LEDs prompt rising military tensions in disputed Kashmir

The Ujala scheme, which has seen the distribution of subsidised LEDs across India has been criticised by private LED manufacturers who have lost business .

Tensions in the disputed area of Kashmir are rising thanks to a conspiracy theory, spreading like wildfire, that government supplied LED luminaires are equipped with ‘spy sensors’, which betray the location of militants to the Indian government.

Kashmir, which lies on the borders of India, Pakistan and China, is one of the world's most militarised areas.

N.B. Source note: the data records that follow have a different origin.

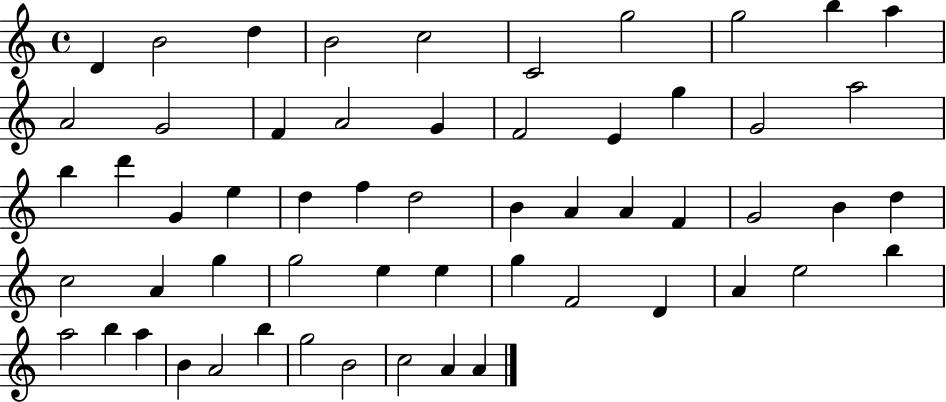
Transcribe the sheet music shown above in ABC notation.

X:1
T:Untitled
M:4/4
L:1/4
K:C
D B2 d B2 c2 C2 g2 g2 b a A2 G2 F A2 G F2 E g G2 a2 b d' G e d f d2 B A A F G2 B d c2 A g g2 e e g F2 D A e2 b a2 b a B A2 b g2 B2 c2 A A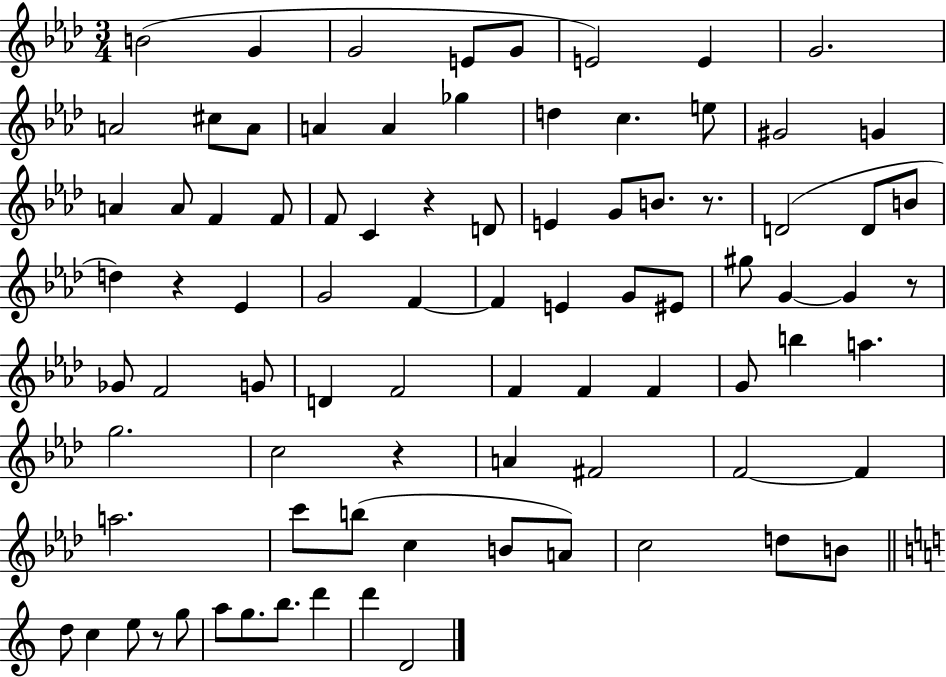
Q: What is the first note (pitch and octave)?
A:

Some Kashmiris are under the impression that the LEDs transmit information about the movements of militants to the Indian security services.

In response to the rumour mill Kashmiris have begun smashing the luminaires in the street and have started looking for alternatives.

The Jammu and Kashmir government, which is part of the Indian state, has denied that the LEDs play any role other than illumination, and are instead part of an India-wide scheme to get more people using LED luminaires in the home.

‘We’re told that within minutes of militants having switched on the lights in the house where they had taken refuge, the army storm the hideout.

This means there’s some connection between these lights and the tipoff that leads to the military encounters,’ a group of villagers told the Kashmir Post.

‘I broke one of the bulbs to try and find the spy chip but couldn’t find anything,’ another villager commented.

‘Still I am replacing them all because it’s better to be safe than to be unwittingly used by the Indian government. Who knows if my bedroom gossip is also getting recorded,’ the villager added.

The so-called ‘Ujala’ scheme, which has seen the distribution of subsidised LEDs across India has been criticised by some private LED manufacturers who have lost business because of the government policy.

The government has suggested that the ‘spy-lights’ rumour, might be an attempt at sabotage on the part of private players in order to delegitimise the government LED scheme and claw back lost business.

‘These bulbs are not manufactured by the government but five leading private companies,’ Er Hashmat Qazi, a manger of the Ujala commented.

'Plus this scheme is not for Kashmir alone but is a nationwide LED program.’

‘Streetlights have in the past been smashed so that militants enjoy free movement in darkness without getting identified. But people suspecting their own domestic lights as being spies? That is news to me,’ Rayees Mohammad Bhat, senior superintendent of Police in Pulwama told the Kashmir Post.

Comments 1

If using lighting to track customers through a store is OK, why wouldn't you do it to track militants? My betting is that the lights don't have "spy sensors" but it would certainly make sense.